As an intermediate conclusion, the fan stages are aerodynamically similar but show very different noise radiation characteristics. Thus, the fan stages are well-suited for acoustic as well as psychoacoustic assessments regarding the impact of the fan design on the noise radiation of a distributed propulsion system. Results from psychoacoustic studies focusing on the effect of rotational speed fluctuations are given in [47].

8. Summary and Outlook

The noise generated by the variety of existing concepts for novel eVTOL vehicles as well as its subsequent psychoacoustic effect on humans will be a major factor influencing public acceptance and corresponding economical success. As such, vehicles currently are, for the most part, still in development. The aim of the present study is to provide a basis for the future analysis and evaluation of different vehicle designs in noise tests with human subjects. Therefore, the main focus is on distributed electric propulsion systems using either open rotors or ducted fans that are driven by electric motors, and the subsequent interaction of sound originating from these different sources.

In order to enable such analyses, two different UAM vehicle designs were developed as part of an ongoing research study. Both have identical missions, loads and estimated entry into service but different electric propulsion systems.

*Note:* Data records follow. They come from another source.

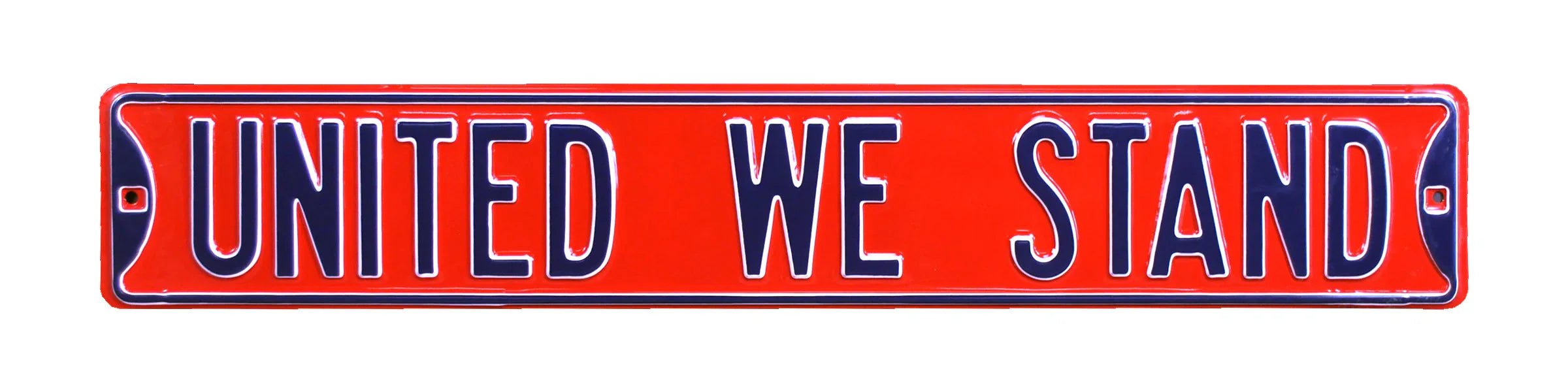 Americana Steel Street Sign-UNITED WE STAND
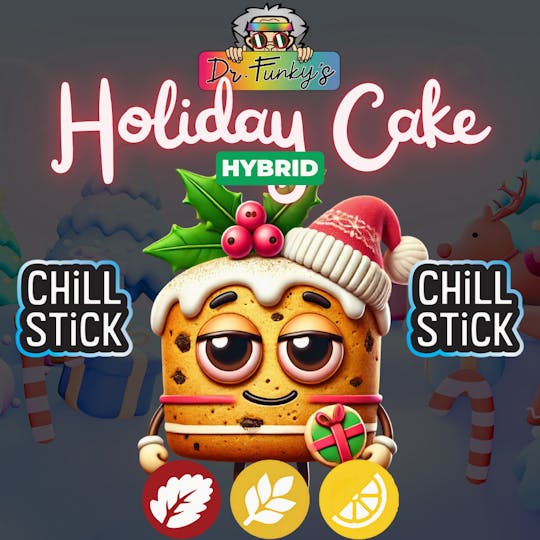 American Cannabis Company - Dr. Funky's Chill Stick Holiday Cake 0.6g (Hybrid) - 1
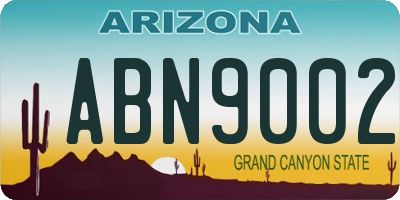 AZ license plate ABN9002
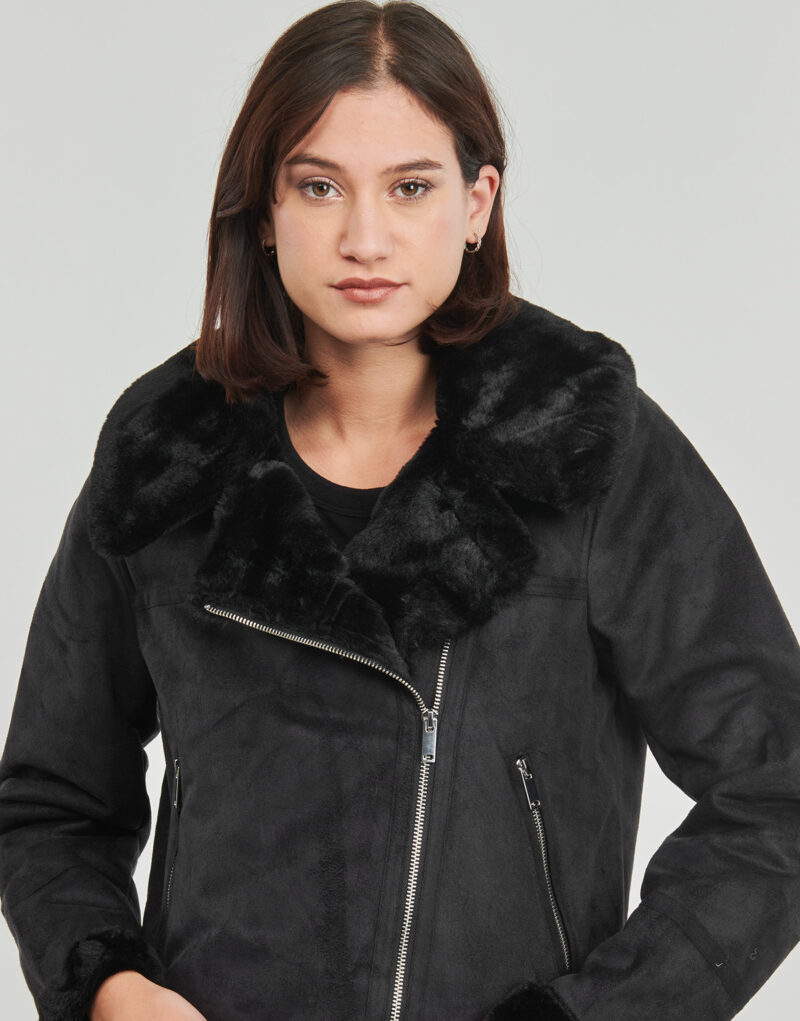 Giacca in pelle Vero Moda VMPEGGY Nero Giacche in pelle Donna - 5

One vehicle is powered by a set of tiltable open rotors and one by tiltable ducted fans. For both concepts, three different powertrain topologies were configured: (1) a fully battery-electric propulsion system, (2) a fully fuel-cell powered propulsion system and (3) a hybrid system with varying degrees of hybridization. For the tilt-rotor vehicle, a propeller was designed that is able to deliver the required thrust in all phases of the mission. The aerodynamic performance of this propeller was evaluated in detailed RANS simulations, while its corresponding noise generation will be analyzed in wind tunnel experiments in the next phase of the project. For the planned acoustic measurements on ducted fan stages that represent the tilt-duct propulsion system, two low-count OGV fans were designed, one that is characterized by a notable reduction in tonal noise compared to the baseline fan and another that leads to reduced broadband noise levels. It should again be emphasized here that the current report aims to give an overview of the necessary considerations and methods involved in the design of the two concept vehicles and their propulsion systems, with the aim of providing a basis for future acoustic studies. More details on each of the design steps are provided in the additional literature mentioned in the corresponding sections.

As a prerequisite for the planned vehicle flyover auralizations, a set of detailed experiments will be performed on the different propulsion systems in the next step of the project. This includes acoustic measurements on a model-scale tip propeller configuration in an aeroacoustic wind tunnel, acoustic measurements on the two low-count OGV fan stages in a dedicated fan test rig and measurements on an electric motor as a representation of the electric powertrain.